Write out each line of the material exactly as given, and drop the images.
------
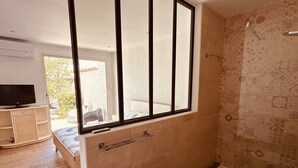 Een badkamer met bad, toilet en douche.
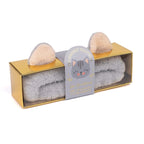 Cat-shaped towel set with gold packaging on a white background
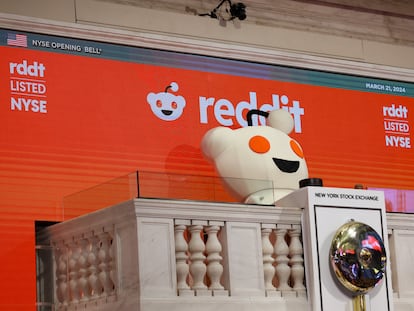 La mascota de Reddit toca la campana de apertura de la sesión en la Bolsa de Nueva York, este jueves, día del estreno de la empresa en Bolsa.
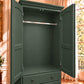 A dark green wooden armoire or wardrobe with two doors open, showing an interior rod and shelf, set in a warm-toned room with a window and curtains.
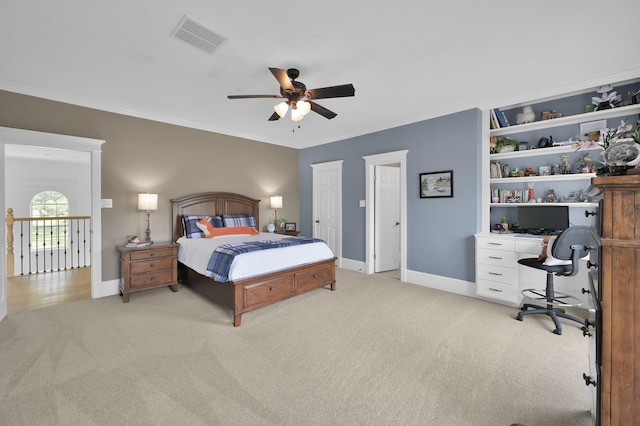 15203 Wildwood Cir, Magnolia, TX 77354 - bedroom featuring light carpet, a desk, and a ceiling fan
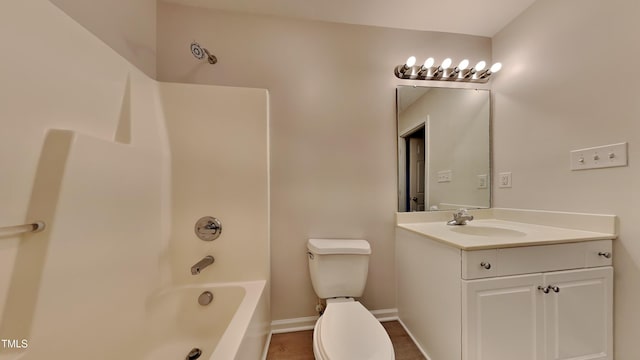 full bathroom with toilet, vanity, and  shower combination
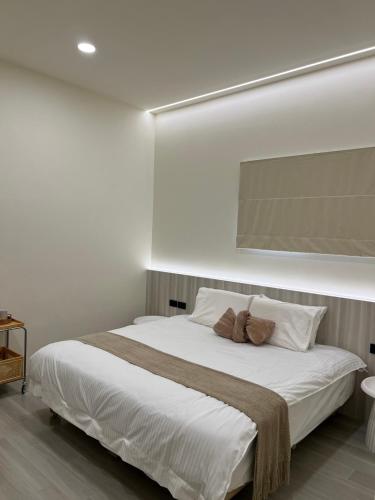 a bedroom with a large white bed with two pillows at 小島之後After Island in Liu-ch'iu Yü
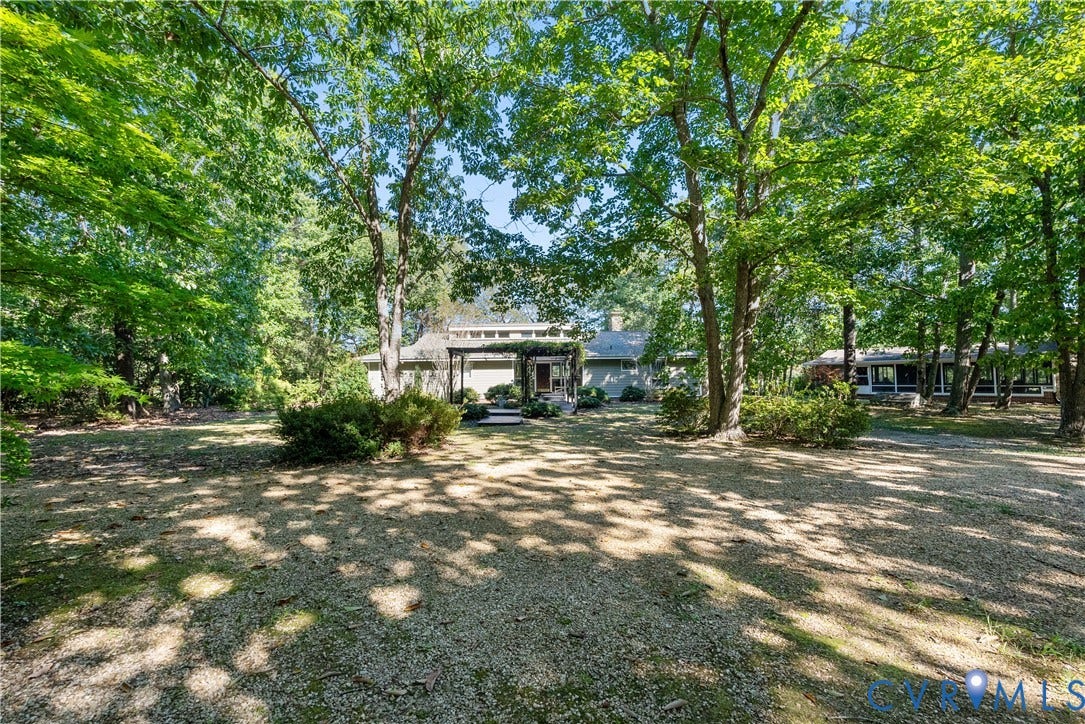 Expansive outdoor space featuring a mature tree canopy, natural ground cover, and a single-story residence with a covered entryway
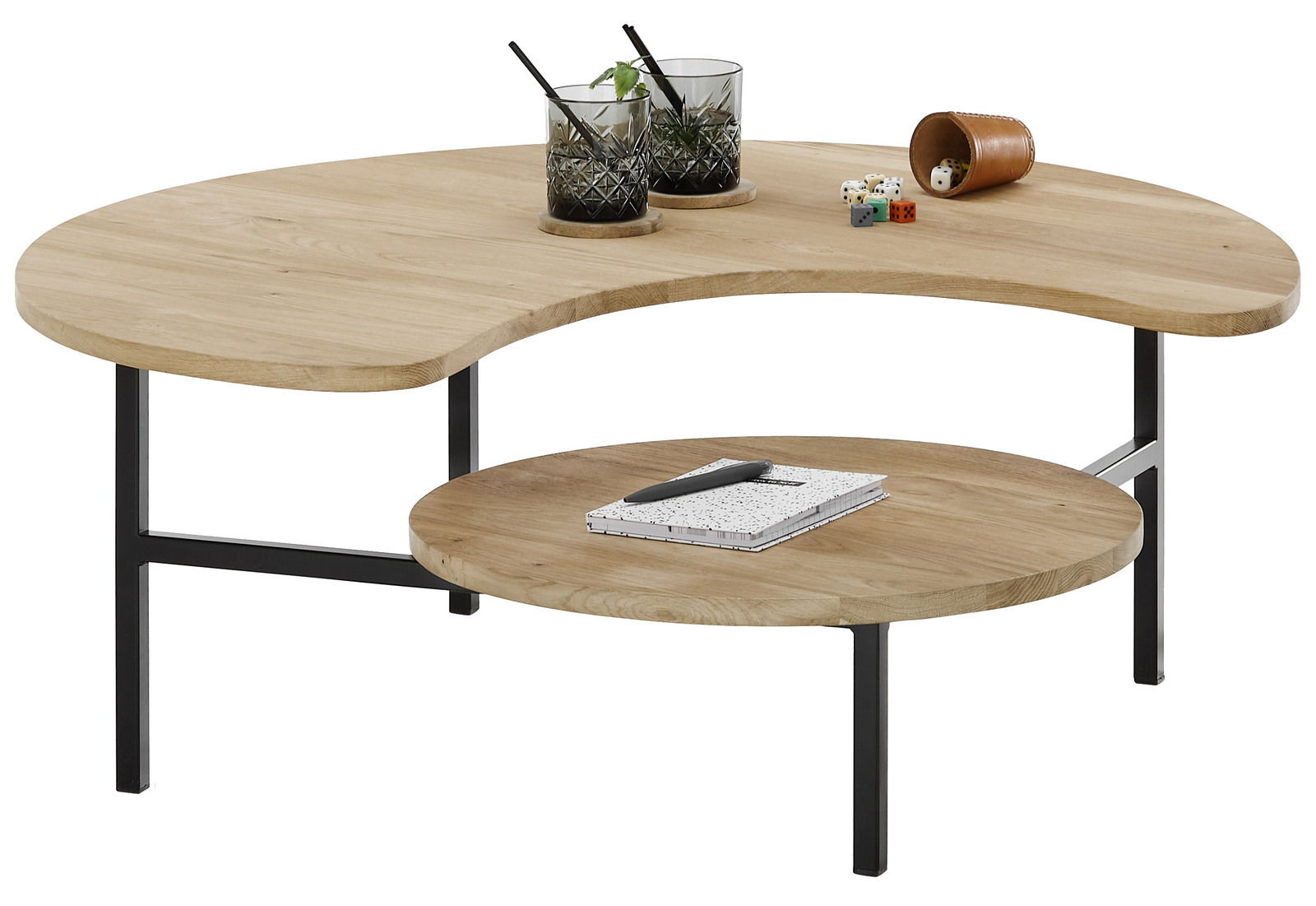 Moderner Couchtisch mit zwei Ebenen aus hellem Holz und schwarzem Metallgestell, von schräg oben fotografiert. Auf der oberen Ebene stehen zwei Gläser und Würfel, auf der unteren ein Notizbuch mit Stift.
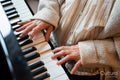 Senior woman playing piano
------
> Response area:
 Een badkamer met bad, toilet en douche.
 Cat-shaped towel set with gold packaging on a white background
 La mascota de Reddit toca la campana de apertura de la sesión en la Bolsa de Nueva York, este jueves, día del estreno de la empresa en Bolsa.
 A dark green wooden armoire or wardrobe with two doors open, showing an interior rod and shelf, set in a warm-toned room with a window and curtains.
 15203 Wildwood Cir, Magnolia, TX 77354 - bedroom featuring light carpet, a desk, and a ceiling fan
 full bathroom with toilet, vanity, and  shower combination
 a bedroom with a large white bed with two pillows at 小島之後After Island in Liu-ch'iu Yü
 Expansive outdoor space featuring a mature tree canopy, natural ground cover, and a single-story residence with a covered entryway
 Moderner Couchtisch mit zwei Ebenen aus hellem Holz und schwarzem Metallgestell, von schräg oben fotografiert. Auf der oberen Ebene stehen zwei Gläser und Würfel, auf der unteren ein Notizbuch mit Stift.
 Senior woman playing piano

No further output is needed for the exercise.